While The Fourth Victim has a genuinely intriguing premise and the author has obviously done their research into both the realities of police work in present-day London and Dissociative Identity Disorder (DID), it’s very hard to read because the grammar is just glaringly awful.

There are fundamental errors in the writing such as the failure to capitalize proper nouns (Asian, Muslim and Christian) and, having finished the book, I still don’t know who the protagonist of it was. I wanted it to be Julie Lukula, a smart young detective sergeant (and a black lesbian) but we kept slipping into the point of view of Inspector Matthew Merry, a middle-aged white man who was apparently a serial philanderer and who, frankly, I found thoroughly unlikable. Not only that, but other points of view kept intruding, characters we really had no interest in and who had no relevance to the story. The head-hopping was continuous and annoying; I was constantly wasting time reading back a few lines trying to figure out exactly whose perspective I was supposed to be in and then realizing it had just changed without warning, and for no real reason.

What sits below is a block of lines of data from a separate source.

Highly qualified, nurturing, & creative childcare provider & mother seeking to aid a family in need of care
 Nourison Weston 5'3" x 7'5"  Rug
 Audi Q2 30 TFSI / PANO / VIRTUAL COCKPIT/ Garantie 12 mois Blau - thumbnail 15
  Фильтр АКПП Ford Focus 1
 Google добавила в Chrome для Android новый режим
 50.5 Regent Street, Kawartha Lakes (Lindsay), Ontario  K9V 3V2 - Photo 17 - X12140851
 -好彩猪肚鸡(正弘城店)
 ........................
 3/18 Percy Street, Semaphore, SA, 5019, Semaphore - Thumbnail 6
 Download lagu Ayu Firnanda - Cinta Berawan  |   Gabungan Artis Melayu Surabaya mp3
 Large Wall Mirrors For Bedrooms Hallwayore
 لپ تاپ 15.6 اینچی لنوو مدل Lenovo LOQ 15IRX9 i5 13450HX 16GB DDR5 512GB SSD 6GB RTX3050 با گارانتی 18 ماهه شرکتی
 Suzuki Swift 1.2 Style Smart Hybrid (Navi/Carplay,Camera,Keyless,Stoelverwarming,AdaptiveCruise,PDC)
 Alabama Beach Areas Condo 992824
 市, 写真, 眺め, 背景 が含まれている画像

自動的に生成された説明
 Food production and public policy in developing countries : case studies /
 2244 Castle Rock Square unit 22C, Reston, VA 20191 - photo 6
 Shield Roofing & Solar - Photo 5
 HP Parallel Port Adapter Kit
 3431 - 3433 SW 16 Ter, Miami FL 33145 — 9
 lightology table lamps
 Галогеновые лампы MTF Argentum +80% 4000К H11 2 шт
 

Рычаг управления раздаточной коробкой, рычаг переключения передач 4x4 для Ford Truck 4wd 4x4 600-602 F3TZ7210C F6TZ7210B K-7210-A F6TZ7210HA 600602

There’s so much to like about the premise of this story but it needs a massive content edit to clean it up and reframe it to make Julie the principal protagonist. I think she could be the kind of character to carry an entire series, but as it stands we didn’t get enough of her and she didn’t actually get to ‘solve the case’. I also really liked that the author avoided falling into the trap of demonising mental illness and that they wrote the London police force (and population) as diverse as it actually is in reality. With a lot of editing work, this could be a genuinely great read, but right at the moment, I’m afraid I can’t give it any more than two stars.

The Fourth Victim is available now.

Disclaimer: I received a review copy of this book via Rachel’s Random Resources.